Super excited, finalizing paperwork on a low hour Tak TL150- SuperTrak.
Purchasing it with a fecon bullhog for light duty brush/clearing and mulching.

I've got a few pieces of larger equipment but only have one other skid loader, a case 70XT skid which I like (just for dirt). After all the research I am super stoked to push dirt with this Tak and try it for the mulching.

Tak owners/users, I'd appreciate any input


----------



## joesawer (Nov 30, 2010)

Buy a leaf blower an keep your radiator and filters blown out. 
Be prepared to masticate for a while and then cool down for a while.
Don't spin your tracks and don't run them loose.


----------



## D&B Mack (Dec 1, 2010)

joesawer said:


> Don't spin your tracks and don't run them loose.

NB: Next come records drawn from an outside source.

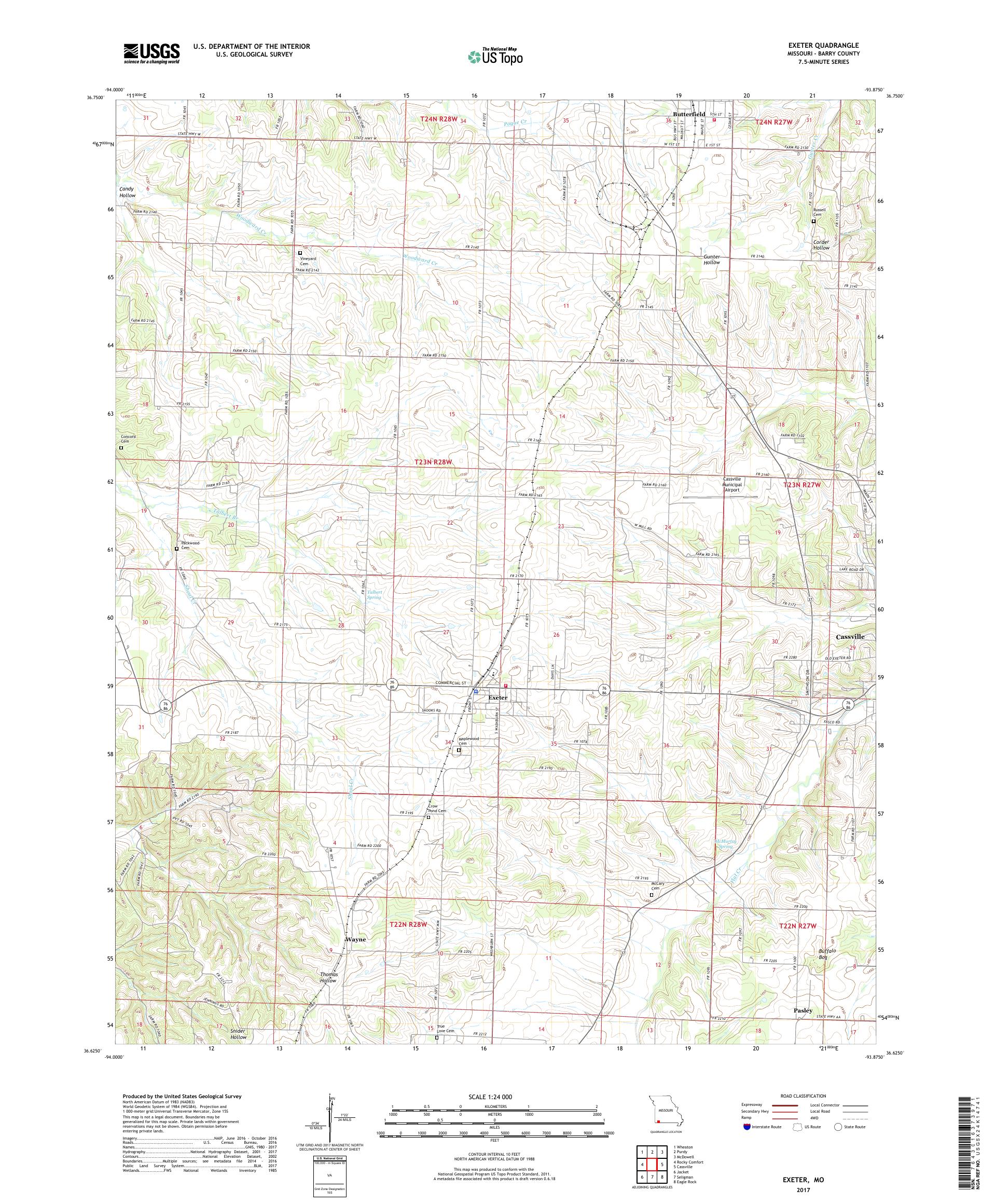 MyTopo Exeter, Missouri USGS Quad Topo Map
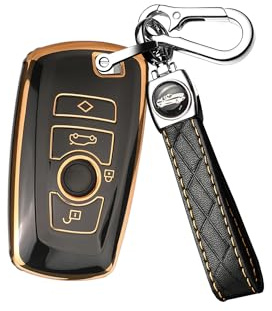 ontto Autoschlüssel Hülle Cover Passt für BMW X1 F48 X2 X3 X5 X7 F15 X6 F16 X5M G30 G11 2er 5er 7er 218i 530Li 750i TPU Schlüsselbox Schlüsselhülle Schlüsselanhänger Schlüssel Schutz Etui-Schwarz A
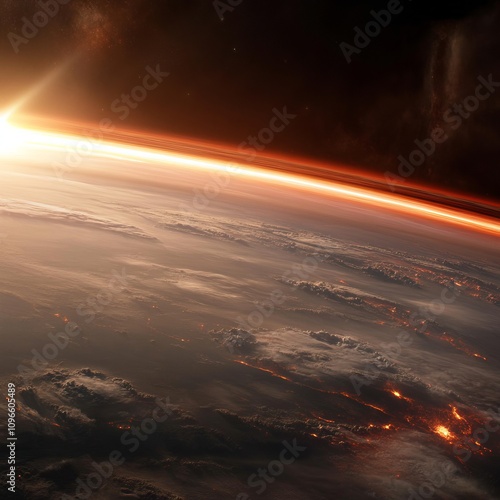 Sunrise from space, Earth's horizon with atmospheric glow.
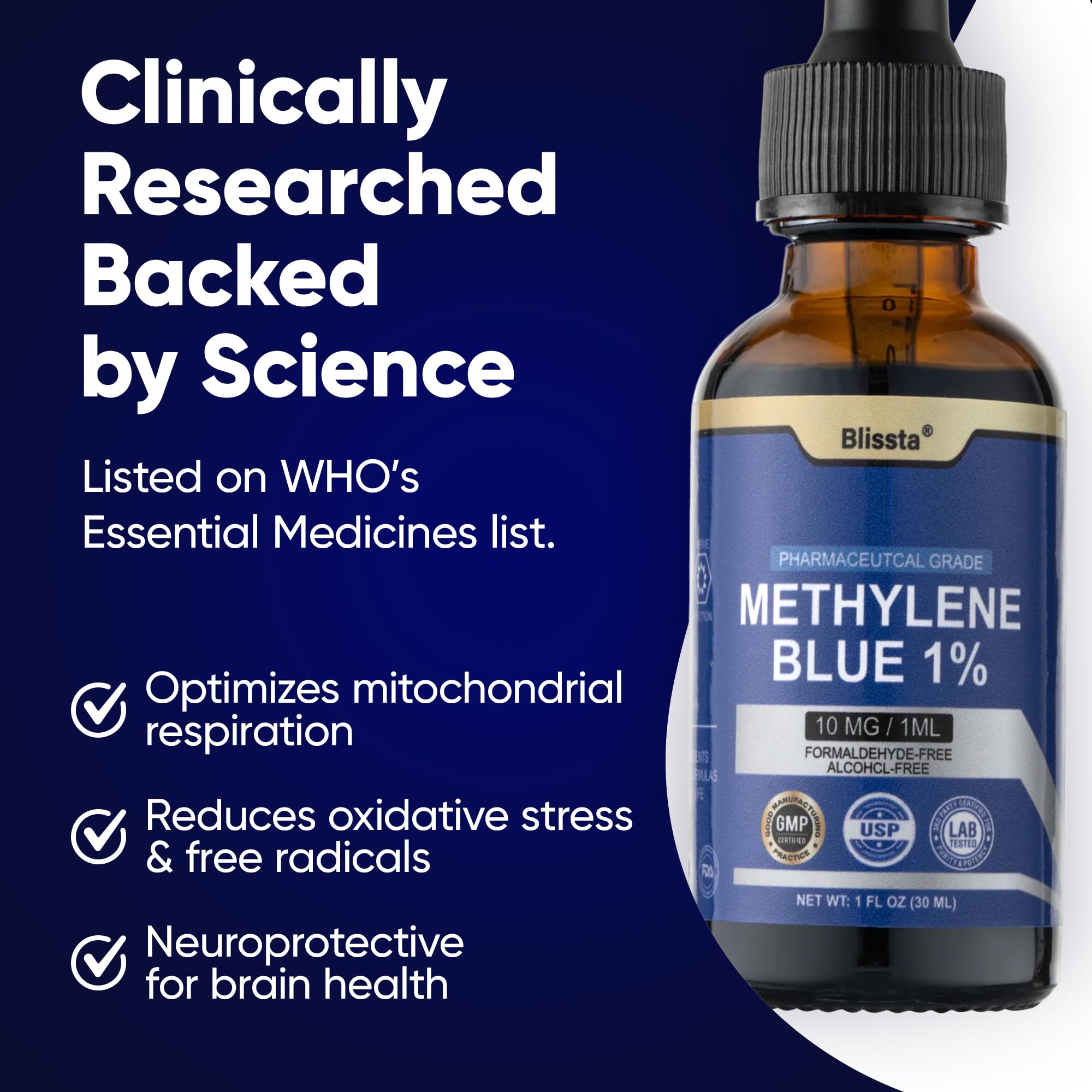 Blissta Methylene Blue Supplement 85g with measuring spoon for dosage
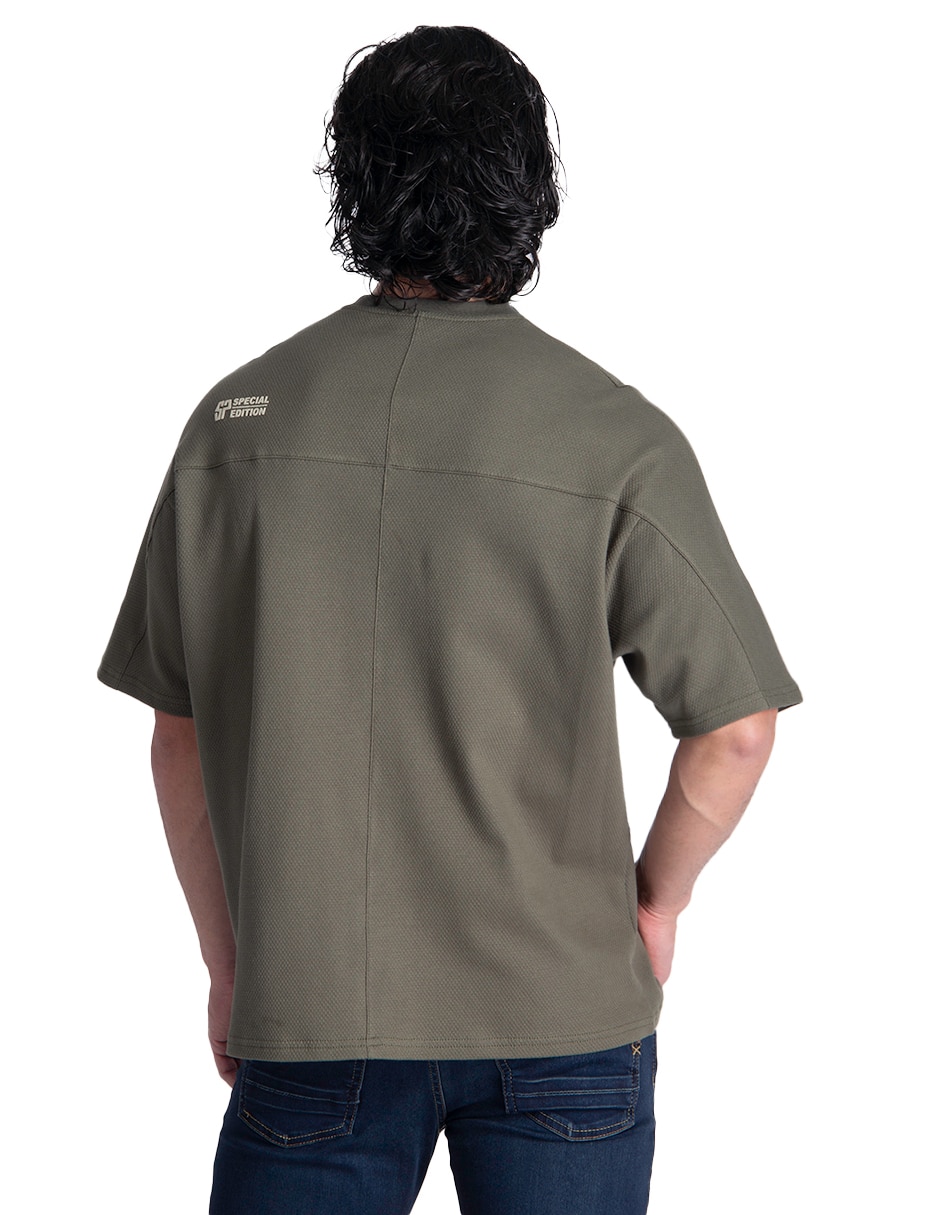 Playera cuello henley para hombre 2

+1 on that. Our company as a whole owns 3 150's. Only one is allowed to be used for clearing work. Don't do 360 turns on asphalt paving, in fact, stay off asphalt as much as possible. Buy aftermarket tracks, you can find ones that are just as good, but cost considerably less. Other than that, you bought what I feel is the best manu out there for that line. Good luck!!!


----------



## arbor pro (Mar 11, 2011)

i just bought a TL130...


----------



## floyd (Mar 12, 2011)

Leased a 15K trackhhoe 1x long ago. Tracks came off every other day. At the time the parts dist. was in GA. Parts guy said"you all aint thrown enough parts at it yet."

Those tracks were steel.


----------